#### REQUIREMENT
Please set down the data again exactly, minus the pictures.

### INPUT MATERIAL

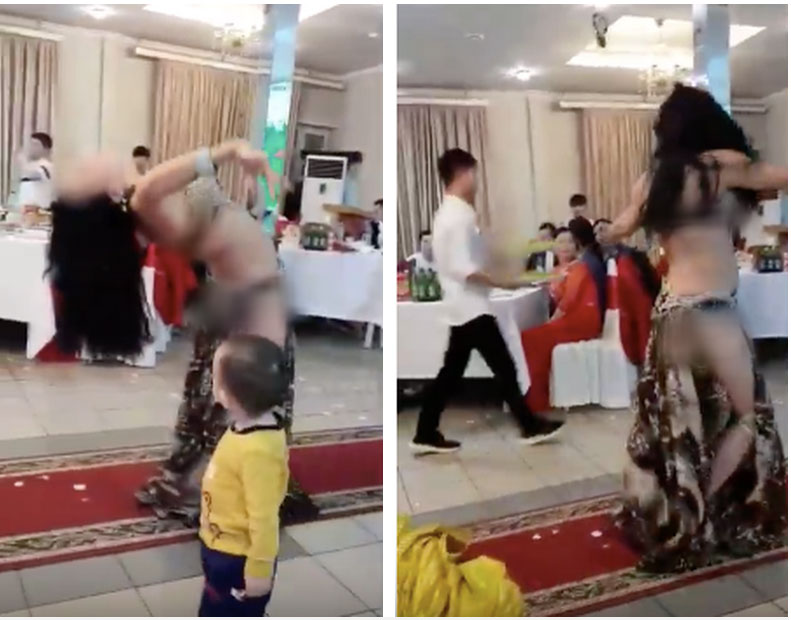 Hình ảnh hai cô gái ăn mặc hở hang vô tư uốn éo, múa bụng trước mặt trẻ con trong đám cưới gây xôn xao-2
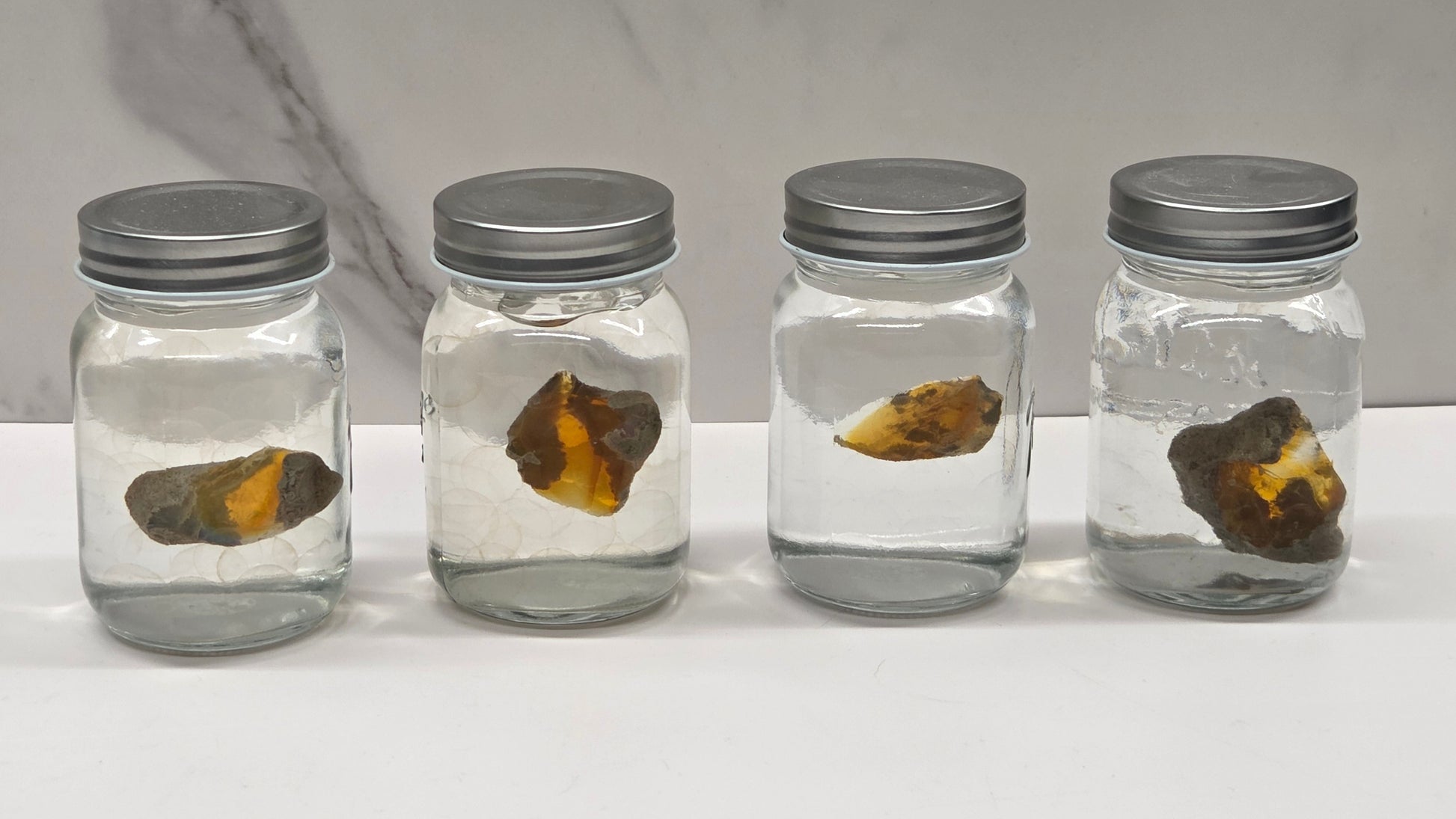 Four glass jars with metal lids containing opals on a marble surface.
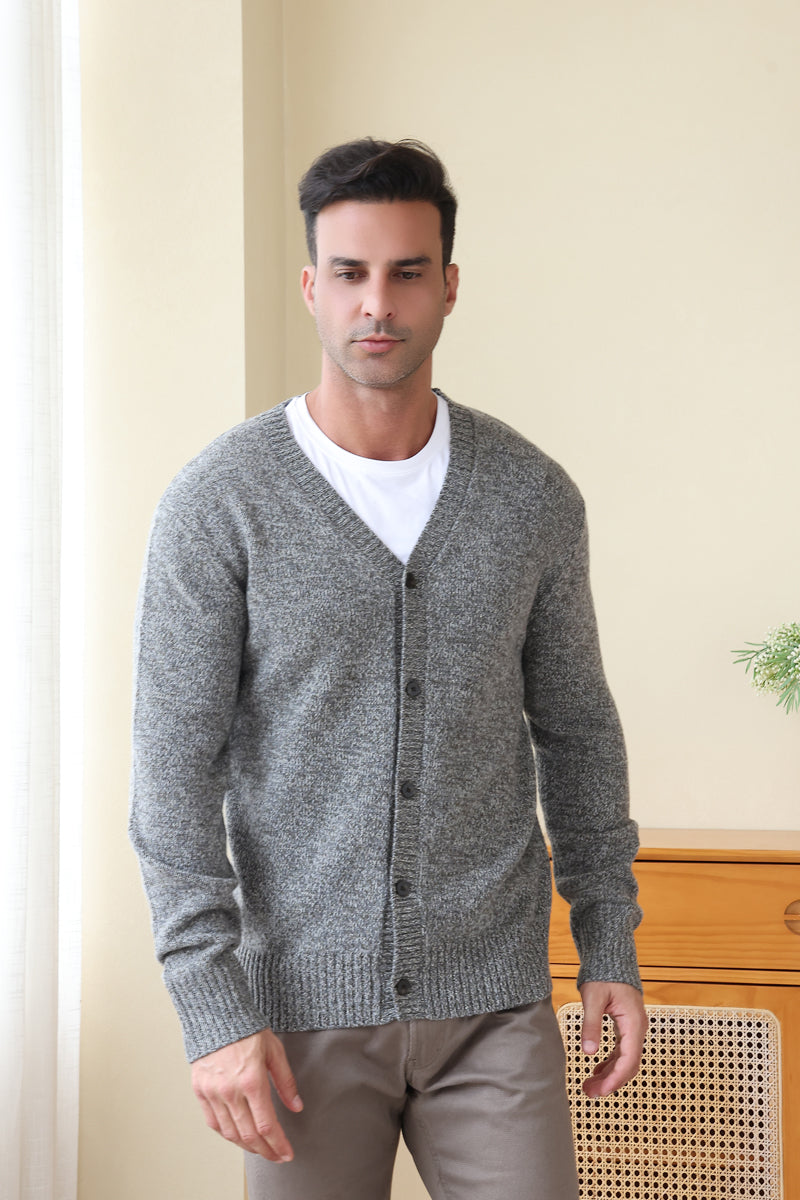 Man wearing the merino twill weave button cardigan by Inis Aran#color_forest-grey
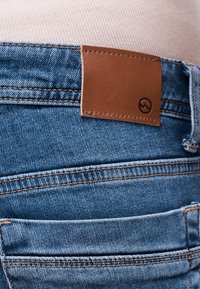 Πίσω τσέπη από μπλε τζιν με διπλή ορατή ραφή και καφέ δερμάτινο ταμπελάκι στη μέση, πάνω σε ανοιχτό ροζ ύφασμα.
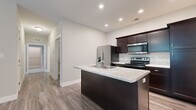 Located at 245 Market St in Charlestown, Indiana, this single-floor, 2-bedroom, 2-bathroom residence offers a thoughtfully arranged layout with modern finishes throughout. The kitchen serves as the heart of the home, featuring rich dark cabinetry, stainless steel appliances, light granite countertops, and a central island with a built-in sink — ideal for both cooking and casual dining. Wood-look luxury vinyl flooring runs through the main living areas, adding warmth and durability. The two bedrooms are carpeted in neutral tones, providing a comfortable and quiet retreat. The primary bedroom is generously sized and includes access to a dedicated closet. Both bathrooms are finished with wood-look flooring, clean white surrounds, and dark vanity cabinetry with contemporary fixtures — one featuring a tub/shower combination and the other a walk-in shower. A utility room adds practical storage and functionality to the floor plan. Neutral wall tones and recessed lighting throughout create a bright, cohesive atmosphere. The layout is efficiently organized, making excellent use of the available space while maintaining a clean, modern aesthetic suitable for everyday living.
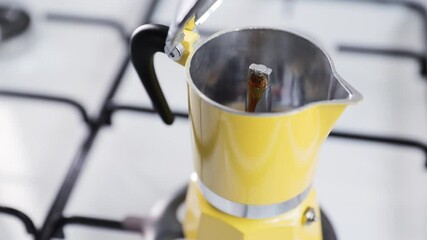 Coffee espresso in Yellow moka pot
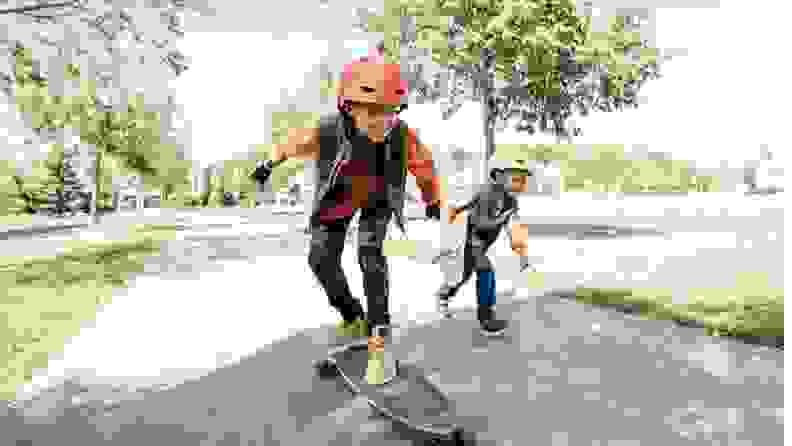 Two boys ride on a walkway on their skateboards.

######

#### TASK RESULT
 Hình ảnh hai cô gái ăn mặc hở hang vô tư uốn éo, múa bụng trước mặt trẻ con trong đám cưới gây xôn xao-2
 Four glass jars with metal lids containing opals on a marble surface.
 Man wearing the merino twill weave button cardigan by Inis Aran#color_forest-grey
 Πίσω τσέπη από μπλε τζιν με διπλή ορατή ραφή και καφέ δερμάτινο ταμπελάκι στη μέση, πάνω σε ανοιχτό ροζ ύφασμα.
 Located at 245 Market St in Charlestown, Indiana, this single-floor, 2-bedroom, 2-bathroom residence offers a thoughtfully arranged layout with modern finishes throughout. The kitchen serves as the heart of the home, featuring rich dark cabinetry, stainless steel appliances, light granite countertops, and a central island with a built-in sink — ideal for both cooking and casual dining. Wood-look luxury vinyl flooring runs through the main living areas, adding warmth and durability. The two bedrooms are carpeted in neutral tones, providing a comfortable and quiet retreat. The primary bedroom is generously sized and includes access to a dedicated closet. Both bathrooms are finished with wood-look flooring, clean white surrounds, and dark vanity cabinetry with contemporary fixtures — one featuring a tub/shower combination and the other a walk-in shower. A utility room adds practical storage and functionality to the floor plan. Neutral wall tones and recessed lighting throughout create a bright, cohesive atmosphere. The layout is efficiently organized, making excellent use of the available space while maintaining a clean, modern aesthetic suitable for everyday living.
 Coffee espresso in Yellow moka pot
 Two boys ride on a walkway on their skateboards.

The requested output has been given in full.